▸ **Information provided**:
|---|

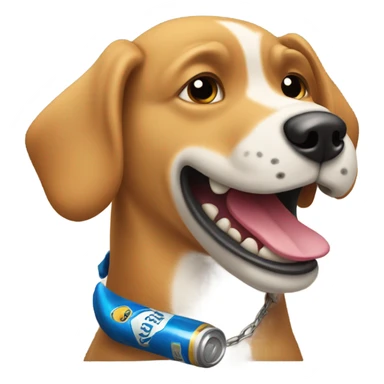 Dog drinking a beer sticker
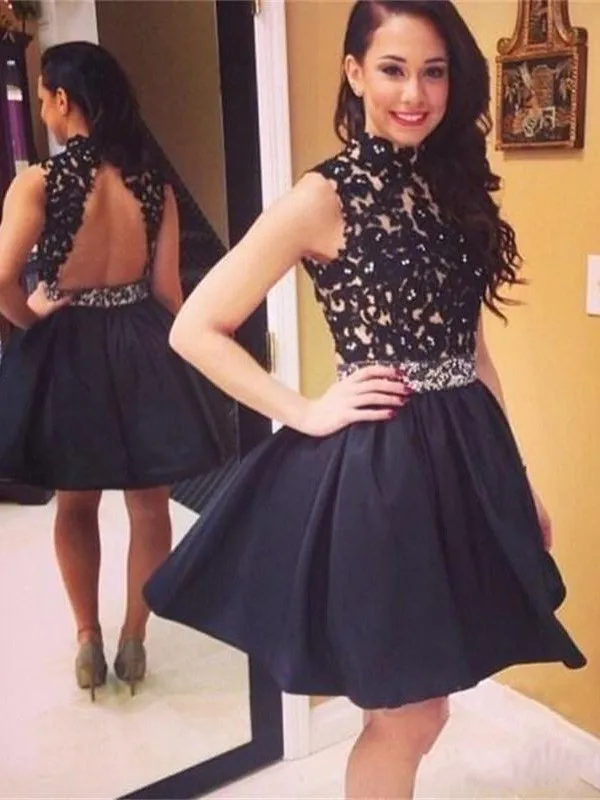 

Black Homecoming Dresses A-line High Collar Knee Length Satin Appliques Beaded Backless Elegant Cocktail Dresses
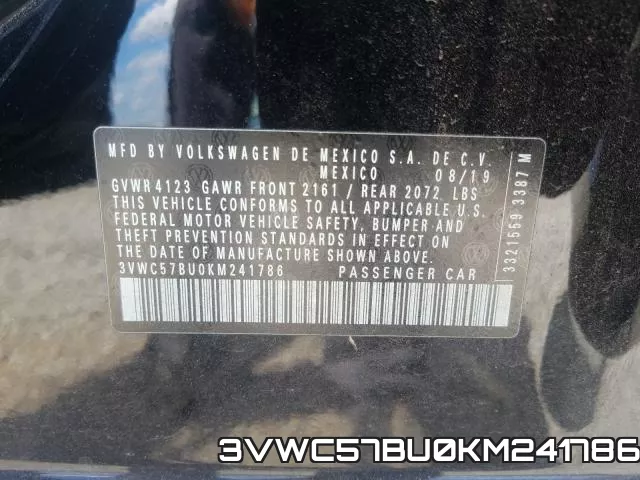 3VWC57BU0KM241786 фото 2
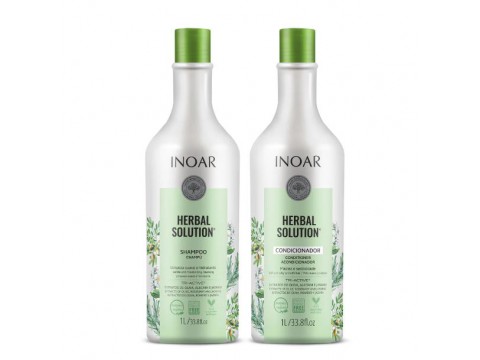 Inoar Herbal Solution Duo Kit - rinkinys su alyvuogių, rozmarinų ir jazminų ekstraktu, 2x1000 ml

|---|

▸ **Exercise aim**: Please transcribe the listing above verbatim and exclude every picture.

▸ **Result for this exercise**:
 Dog drinking a beer sticker

Black Homecoming Dresses A-line High Collar Knee Length Satin Appliques Beaded Backless Elegant Cocktail Dresses
 3VWC57BU0KM241786 фото 2
 Inoar Herbal Solution Duo Kit - rinkinys su alyvuogių, rozmarinų ir jazminų ekstraktu, 2x1000 ml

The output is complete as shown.